* TASK DETAILS: Repeat each entry as written and leave the images out of the copy.

* DATA RECORDS:
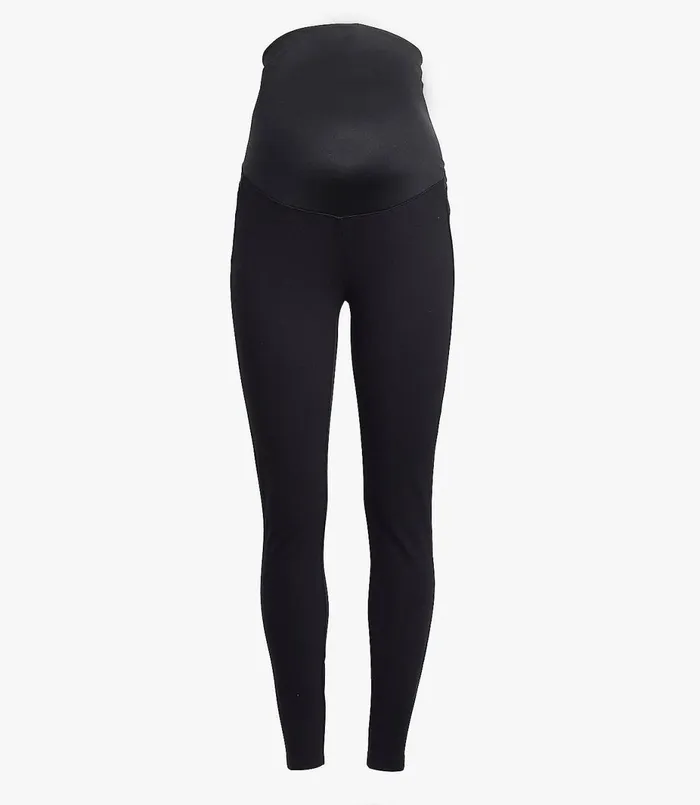 LOFT Maternity Heathered Seamed Ponte Leggings Black Women Pants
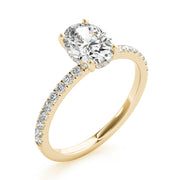 Graceful Single Row Center Oval Diamond Engagement Ring in 10K/14K gold and platinum with certified lab-grown or natural diamonds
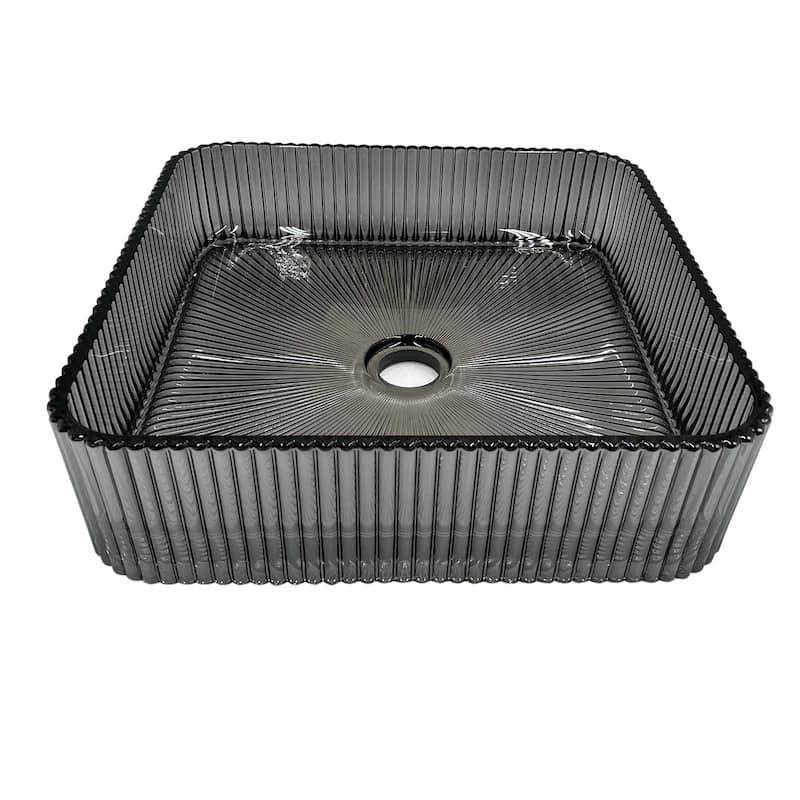 Plaza 15" Square Decorative Crystal Vessel Sinks With White Base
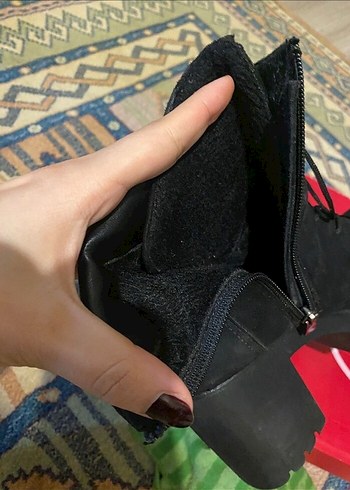 Siyah Süet Goth Platform Botlar - Görsel 4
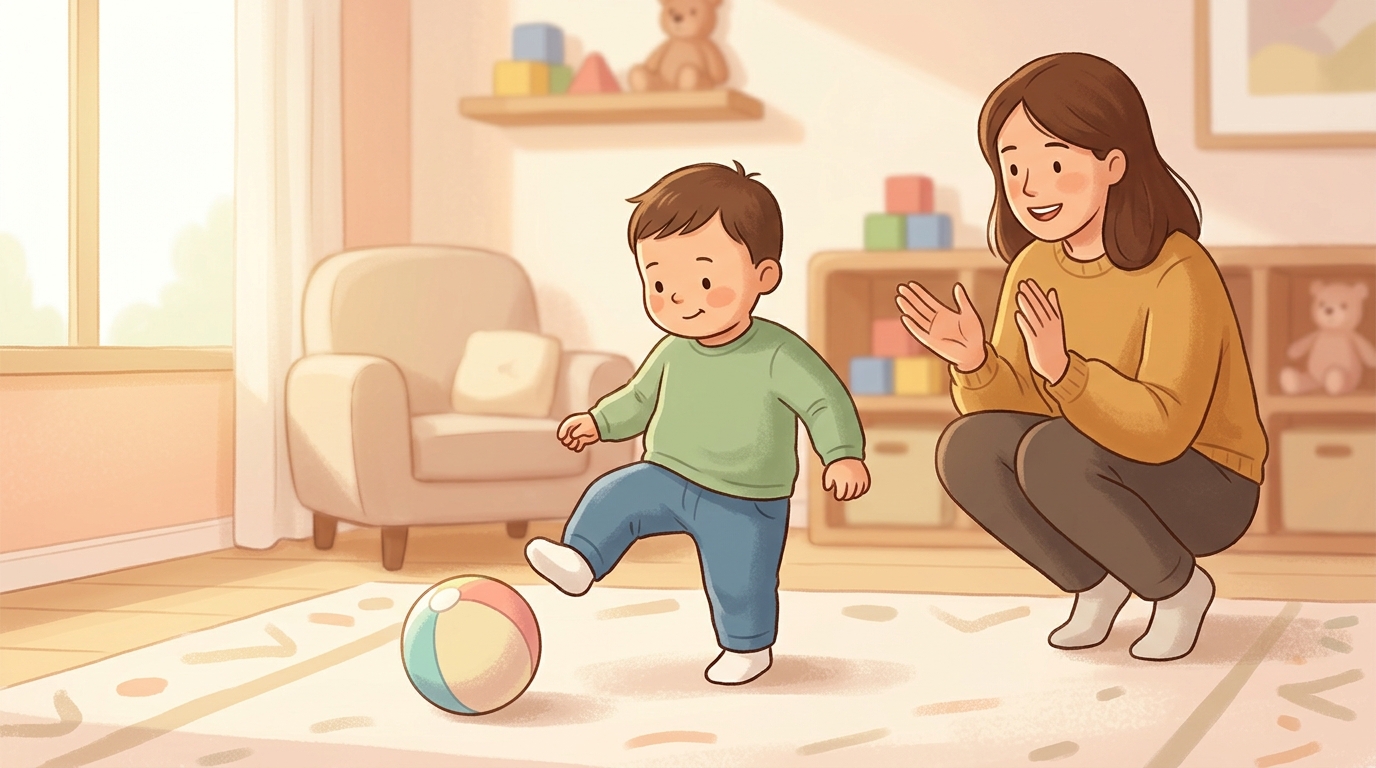 Cartoon illustration of a parent and child at home doing First Ball Kick.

* SOLUTION TO THIS PROBLEM:
 LOFT Maternity Heathered Seamed Ponte Leggings Black Women Pants
 Graceful Single Row Center Oval Diamond Engagement Ring in 10K/14K gold and platinum with certified lab-grown or natural diamonds
 Plaza 15" Square Decorative Crystal Vessel Sinks With White Base
 Siyah Süet Goth Platform Botlar - Görsel 4
 Cartoon illustration of a parent and child at home doing First Ball Kick.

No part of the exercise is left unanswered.